A verbatim copy of all entries is the expected output.
Start of EXERCISE MATERIAL
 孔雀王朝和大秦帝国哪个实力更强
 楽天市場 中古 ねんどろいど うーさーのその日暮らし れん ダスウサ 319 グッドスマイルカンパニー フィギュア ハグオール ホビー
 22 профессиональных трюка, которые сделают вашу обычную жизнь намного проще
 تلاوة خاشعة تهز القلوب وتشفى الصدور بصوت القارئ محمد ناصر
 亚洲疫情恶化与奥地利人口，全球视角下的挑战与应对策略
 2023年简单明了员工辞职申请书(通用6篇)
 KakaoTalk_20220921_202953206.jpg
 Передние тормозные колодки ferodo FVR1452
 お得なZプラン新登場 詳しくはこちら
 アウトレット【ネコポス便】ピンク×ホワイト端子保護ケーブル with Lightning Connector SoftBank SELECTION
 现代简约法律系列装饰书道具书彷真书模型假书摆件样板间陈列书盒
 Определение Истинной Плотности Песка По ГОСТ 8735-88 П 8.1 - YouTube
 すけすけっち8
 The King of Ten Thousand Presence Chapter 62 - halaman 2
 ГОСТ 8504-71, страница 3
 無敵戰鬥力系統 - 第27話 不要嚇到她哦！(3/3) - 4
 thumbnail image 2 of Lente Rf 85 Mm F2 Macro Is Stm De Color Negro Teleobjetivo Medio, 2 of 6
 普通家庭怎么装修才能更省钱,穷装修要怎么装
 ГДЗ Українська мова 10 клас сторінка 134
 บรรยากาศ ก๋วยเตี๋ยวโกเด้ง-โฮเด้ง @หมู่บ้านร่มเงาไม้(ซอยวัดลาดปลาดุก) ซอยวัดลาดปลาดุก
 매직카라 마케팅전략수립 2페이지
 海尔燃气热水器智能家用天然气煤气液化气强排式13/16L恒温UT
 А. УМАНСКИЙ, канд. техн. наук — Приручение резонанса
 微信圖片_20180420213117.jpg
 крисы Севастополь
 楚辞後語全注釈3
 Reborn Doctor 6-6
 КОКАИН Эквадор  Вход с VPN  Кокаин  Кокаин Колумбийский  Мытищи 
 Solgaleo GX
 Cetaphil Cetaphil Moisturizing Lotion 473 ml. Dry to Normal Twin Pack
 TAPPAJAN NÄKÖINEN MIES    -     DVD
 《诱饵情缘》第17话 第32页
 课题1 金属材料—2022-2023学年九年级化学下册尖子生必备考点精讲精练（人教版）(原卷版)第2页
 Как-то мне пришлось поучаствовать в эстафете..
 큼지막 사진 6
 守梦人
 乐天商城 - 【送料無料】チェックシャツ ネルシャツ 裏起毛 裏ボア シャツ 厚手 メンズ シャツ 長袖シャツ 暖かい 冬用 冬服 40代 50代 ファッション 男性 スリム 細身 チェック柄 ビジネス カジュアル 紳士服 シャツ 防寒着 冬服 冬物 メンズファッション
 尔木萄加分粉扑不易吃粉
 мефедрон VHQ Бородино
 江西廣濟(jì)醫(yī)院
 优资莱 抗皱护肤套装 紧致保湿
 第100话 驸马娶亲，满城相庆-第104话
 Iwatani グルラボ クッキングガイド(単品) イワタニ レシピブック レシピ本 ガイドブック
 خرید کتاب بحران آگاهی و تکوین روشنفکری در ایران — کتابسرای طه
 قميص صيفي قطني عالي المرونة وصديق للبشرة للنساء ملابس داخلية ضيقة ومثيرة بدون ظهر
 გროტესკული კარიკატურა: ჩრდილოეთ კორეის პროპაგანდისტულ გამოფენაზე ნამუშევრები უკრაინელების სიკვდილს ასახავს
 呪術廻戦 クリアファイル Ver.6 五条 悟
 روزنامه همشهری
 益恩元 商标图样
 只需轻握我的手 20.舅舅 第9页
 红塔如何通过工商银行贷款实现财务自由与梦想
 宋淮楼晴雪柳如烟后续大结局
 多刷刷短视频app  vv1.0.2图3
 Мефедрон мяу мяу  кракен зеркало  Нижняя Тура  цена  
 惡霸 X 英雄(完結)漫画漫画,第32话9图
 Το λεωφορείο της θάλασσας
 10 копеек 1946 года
End of EXERCISE MATERIAL
ANSWER BOX:
 孔雀王朝和大秦帝国哪个实力更强
 楽天市場 中古 ねんどろいど うーさーのその日暮らし れん ダスウサ 319 グッドスマイルカンパニー フィギュア ハグオール ホビー
 22 профессиональных трюка, которые сделают вашу обычную жизнь намного проще
 تلاوة خاشعة تهز القلوب وتشفى الصدور بصوت القارئ محمد ناصر
 亚洲疫情恶化与奥地利人口，全球视角下的挑战与应对策略
 2023年简单明了员工辞职申请书(通用6篇)
 KakaoTalk_20220921_202953206.jpg
 Передние тормозные колодки ferodo FVR1452
 お得なZプラン新登場 詳しくはこちら
 アウトレット【ネコポス便】ピンク×ホワイト端子保護ケーブル with Lightning Connector SoftBank SELECTION
 现代简约法律系列装饰书道具书彷真书模型假书摆件样板间陈列书盒
 Определение Истинной Плотности Песка По ГОСТ 8735-88 П 8.1 - YouTube
 すけすけっち8
 The King of Ten Thousand Presence Chapter 62 - halaman 2
 ГОСТ 8504-71, страница 3
 無敵戰鬥力系統 - 第27話 不要嚇到她哦！(3/3) - 4
 thumbnail image 2 of Lente Rf 85 Mm F2 Macro Is Stm De Color Negro Teleobjetivo Medio, 2 of 6
 普通家庭怎么装修才能更省钱,穷装修要怎么装
 ГДЗ Українська мова 10 клас сторінка 134
 บรรยากาศ ก๋วยเตี๋ยวโกเด้ง-โฮเด้ง @หมู่บ้านร่มเงาไม้(ซอยวัดลาดปลาดุก) ซอยวัดลาดปลาดุก
 매직카라 마케팅전략수립 2페이지
 海尔燃气热水器智能家用天然气煤气液化气强排式13/16L恒温UT
 А. УМАНСКИЙ, канд. техн. наук — Приручение резонанса
 微信圖片_20180420213117.jpg
 крисы Севастополь
 楚辞後語全注釈3
 Reborn Doctor 6-6
 КОКАИН Эквадор  Вход с VPN  Кокаин  Кокаин Колумбийский  Мытищи 
 Solgaleo GX
 Cetaphil Cetaphil Moisturizing Lotion 473 ml. Dry to Normal Twin Pack
 TAPPAJAN NÄKÖINEN MIES    -     DVD
 《诱饵情缘》第17话 第32页
 课题1 金属材料—2022-2023学年九年级化学下册尖子生必备考点精讲精练（人教版）(原卷版)第2页
 Как-то мне пришлось поучаствовать в эстафете..
 큼지막 사진 6
 守梦人
 乐天商城 - 【送料無料】チェックシャツ ネルシャツ 裏起毛 裏ボア シャツ 厚手 メンズ シャツ 長袖シャツ 暖かい 冬用 冬服 40代 50代 ファッション 男性 スリム 細身 チェック柄 ビジネス カジュアル 紳士服 シャツ 防寒着 冬服 冬物 メンズファッション
 尔木萄加分粉扑不易吃粉
 мефедрон VHQ Бородино
 江西廣濟(jì)醫(yī)院
 优资莱 抗皱护肤套装 紧致保湿
 第100话 驸马娶亲，满城相庆-第104话
 Iwatani グルラボ クッキングガイド(単品) イワタニ レシピブック レシピ本 ガイドブック
 خرید کتاب بحران آگاهی و تکوین روشنفکری در ایران — کتابسرای طه
 قميص صيفي قطني عالي المرونة وصديق للبشرة للنساء ملابس داخلية ضيقة ومثيرة بدون ظهر
 გროტესკული კარიკატურა: ჩრდილოეთ კორეის პროპაგანდისტულ გამოფენაზე ნამუშევრები უკრაინელების სიკვდილს ასახავს
 呪術廻戦 クリアファイル Ver.6 五条 悟
 روزنامه همشهری
 益恩元 商标图样
 只需轻握我的手 20.舅舅 第9页
 红塔如何通过工商银行贷款实现财务自由与梦想
 宋淮楼晴雪柳如烟后续大结局
 多刷刷短视频app  vv1.0.2图3
 Мефедрон мяу мяу  кракен зеркало  Нижняя Тура  цена  
 惡霸 X 英雄(完結)漫画漫画,第32话9图
 Το λεωφορείο της θάλασσας
 10 копеек 1946 года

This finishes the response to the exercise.